10 - What Are the Chances?

Summary

The world is infused with chance. Random events have underlying probabilities. A fair flip of a coin has the same chance of landing heads as tails. In this chapter, we use linear algebra to analyze situations that involve randomness.

Down the Chute

Ever play Monopoly for several days? How often does this happen? How short a game is possible? These types of questions can be analyzed using matrices to determine such things as average and shortest game length. Let's try this with a few different games.

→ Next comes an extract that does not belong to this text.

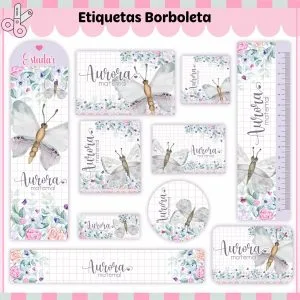 Etiqueta Escolar Tema Borboletas V3 - Arquivo Digital 5 Etiqueta Escolar Tema Borboletas V3 - Arquivo Digital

First, we will look at Chutes and Ladders, also known as Snakes and Ladders. Chutes and Ladders originated in India as a game of knowledge and was known as Jñána Chaupár. Landing on a virtue resulted in climbing a ladder toward the god Vishnu. Rather than sliding down a chute, the game had a player swallowed by a snake, which resulted in death and a new start. This game entered middle-class Victorian parlors of England in the nineteenth century as Snakes and Ladders. Board game pioneer Milton Bradley introduced the game as Chutes and Ladders in the United States in 1943 promoting it as the “improved new version of snakes and ladders, England's famous indoor sport.”

The game is played with two or more players on a board with numbered squares on a grid as seen in Figure 10.1. Players begin on the starting square and the first to reach the finish square wins. This journey from beginning to end is helped and hindered by ladders and chutes (or snakes) that appear on the board.

Let's see how linear algebra can aid us in analyzing the game. We'll look at a smaller game board to simplify the computations. We'll analyze the game board in Figure 10.2. The game starts on square 1. Reaching square 9 results in winning. On each turn, roll a die. If you roll 1 or 2, do not move and stay on your current square.